• _MATERIAL SHOWN_:
+ + +

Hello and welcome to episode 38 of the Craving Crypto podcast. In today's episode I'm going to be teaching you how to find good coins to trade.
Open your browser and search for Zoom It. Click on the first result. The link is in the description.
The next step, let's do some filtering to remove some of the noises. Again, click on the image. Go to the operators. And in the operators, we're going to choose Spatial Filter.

+ + +

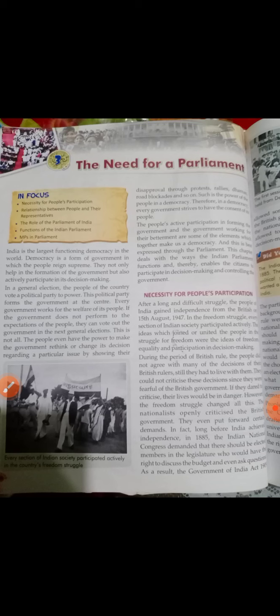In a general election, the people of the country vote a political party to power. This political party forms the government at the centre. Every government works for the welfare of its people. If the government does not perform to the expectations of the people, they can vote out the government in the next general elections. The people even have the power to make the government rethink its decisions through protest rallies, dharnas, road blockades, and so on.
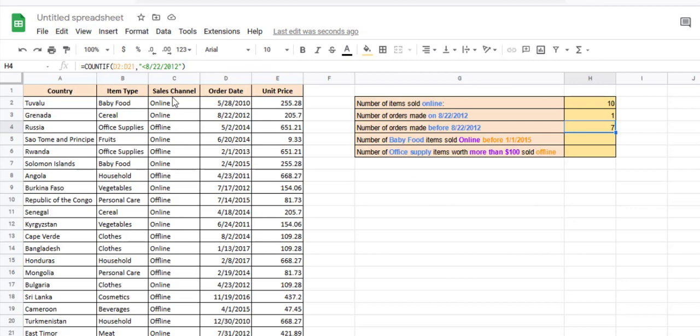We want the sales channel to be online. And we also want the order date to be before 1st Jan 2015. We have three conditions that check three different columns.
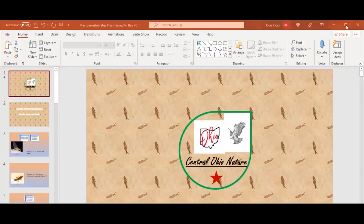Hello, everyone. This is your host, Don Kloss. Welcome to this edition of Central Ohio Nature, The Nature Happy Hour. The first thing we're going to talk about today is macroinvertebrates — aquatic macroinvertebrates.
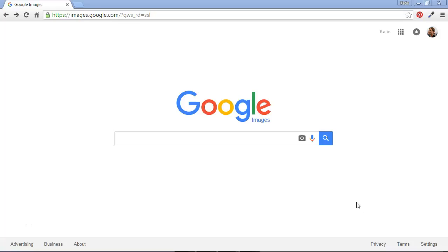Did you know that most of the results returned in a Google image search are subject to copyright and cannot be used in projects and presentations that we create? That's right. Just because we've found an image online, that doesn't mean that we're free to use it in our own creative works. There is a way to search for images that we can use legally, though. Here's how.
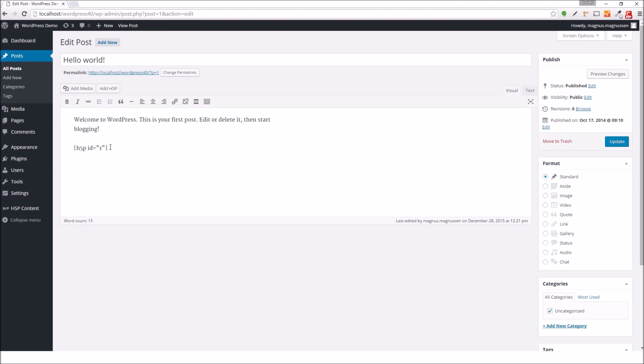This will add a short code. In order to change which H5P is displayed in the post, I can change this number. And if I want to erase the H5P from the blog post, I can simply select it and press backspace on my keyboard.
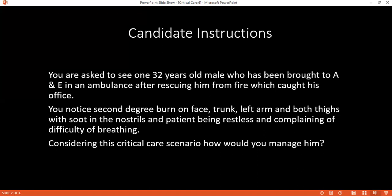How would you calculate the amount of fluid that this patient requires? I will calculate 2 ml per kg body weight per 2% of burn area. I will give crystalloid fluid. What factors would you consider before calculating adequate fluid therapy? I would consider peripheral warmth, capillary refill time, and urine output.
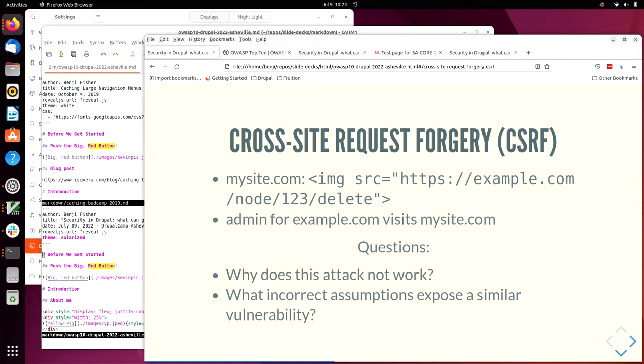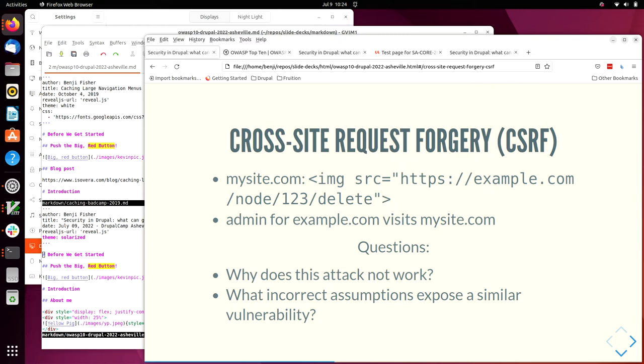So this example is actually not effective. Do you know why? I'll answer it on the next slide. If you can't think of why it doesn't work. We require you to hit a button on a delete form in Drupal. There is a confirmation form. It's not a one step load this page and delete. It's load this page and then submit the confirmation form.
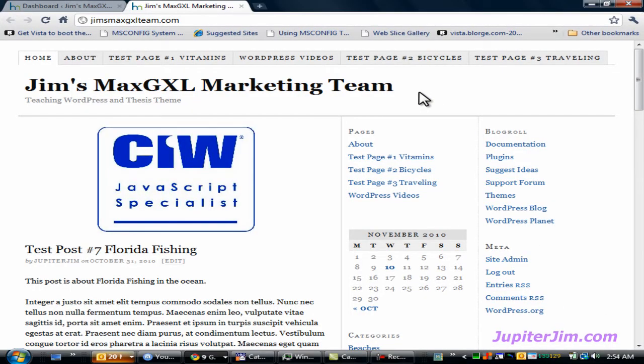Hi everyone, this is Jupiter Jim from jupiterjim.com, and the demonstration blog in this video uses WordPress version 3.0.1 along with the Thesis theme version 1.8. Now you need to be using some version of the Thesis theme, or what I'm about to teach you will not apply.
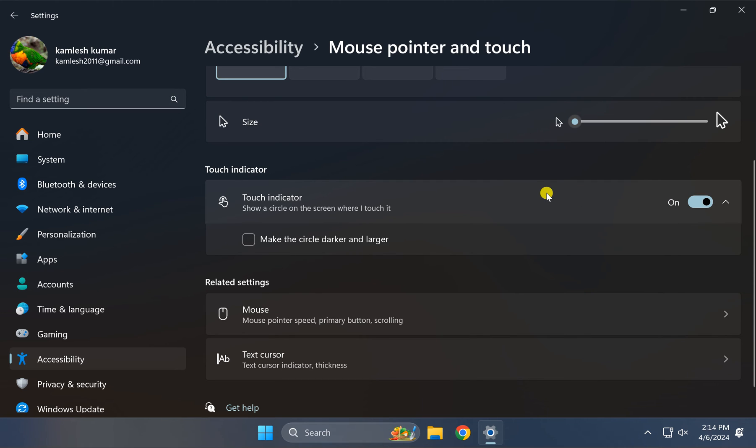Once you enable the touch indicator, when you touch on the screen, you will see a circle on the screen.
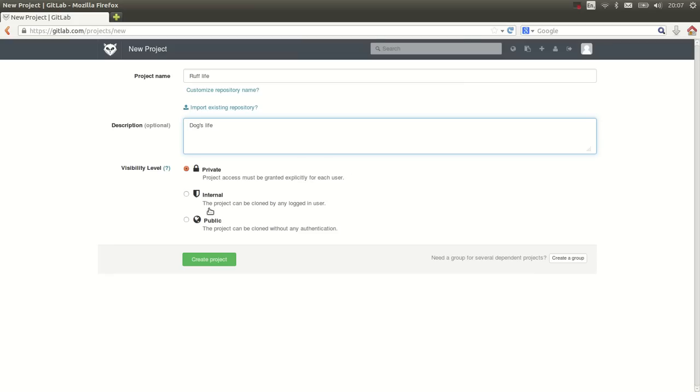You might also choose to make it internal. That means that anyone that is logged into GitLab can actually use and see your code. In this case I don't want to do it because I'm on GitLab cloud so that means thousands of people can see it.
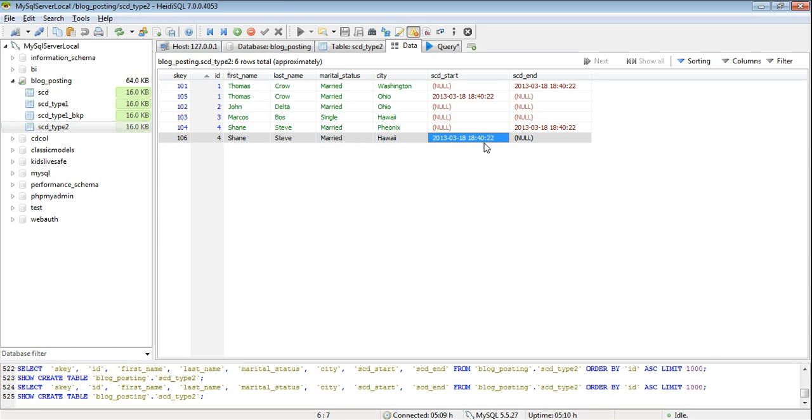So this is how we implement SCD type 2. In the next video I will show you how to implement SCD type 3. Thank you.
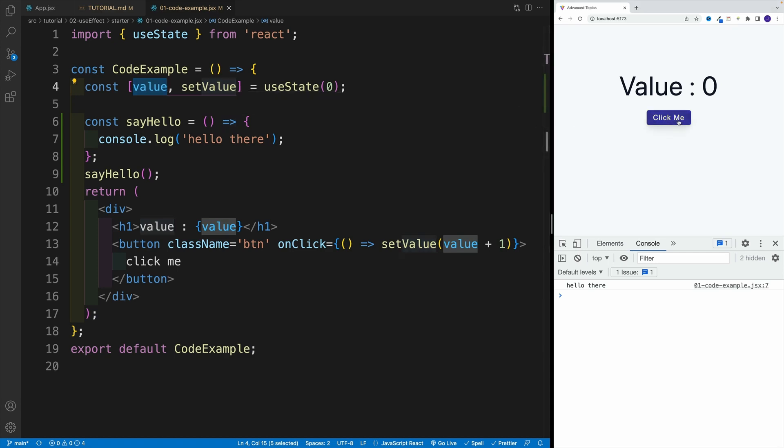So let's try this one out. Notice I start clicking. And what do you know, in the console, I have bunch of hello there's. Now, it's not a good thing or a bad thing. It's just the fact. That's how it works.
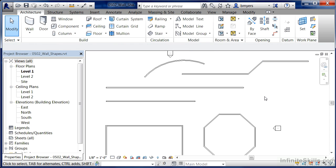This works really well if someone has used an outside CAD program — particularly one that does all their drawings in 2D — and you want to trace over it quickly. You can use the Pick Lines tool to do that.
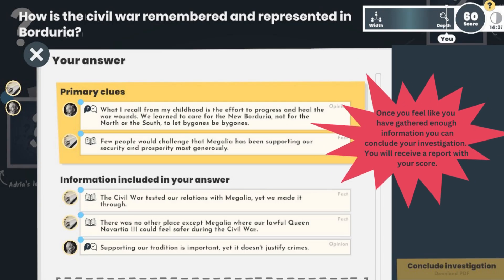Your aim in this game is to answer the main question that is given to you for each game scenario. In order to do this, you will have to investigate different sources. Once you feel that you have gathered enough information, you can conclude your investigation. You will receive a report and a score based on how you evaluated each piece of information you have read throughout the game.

+ + +

• _WORK REQUEST_: The answer should consist only of the lines above from the one with "Once you enable" through the one with "Your aim in", repeated exactly, with no pictures among them.

• _RESULT_:
Once you enable the touch indicator, when you touch on the screen, you will see a circle on the screen.
You might also choose to make it internal. That means that anyone that is logged into GitLab can actually use and see your code. In this case I don't want to do it because I'm on GitLab cloud so that means thousands of people can see it.
So this is how we implement SCD type 2. In the next video I will show you how to implement SCD type 3. Thank you.
So let's try this one out. Notice I start clicking. And what do you know, in the console, I have bunch of hello there's. Now, it's not a good thing or a bad thing. It's just the fact. That's how it works.
This works really well if someone has used an outside CAD program — particularly one that does all their drawings in 2D — and you want to trace over it quickly. You can use the Pick Lines tool to do that.
Your aim in this game is to answer the main question that is given to you for each game scenario. In order to do this, you will have to investigate different sources. Once you feel that you have gathered enough information, you can conclude your investigation. You will receive a report and a score based on how you evaluated each piece of information you have read throughout the game.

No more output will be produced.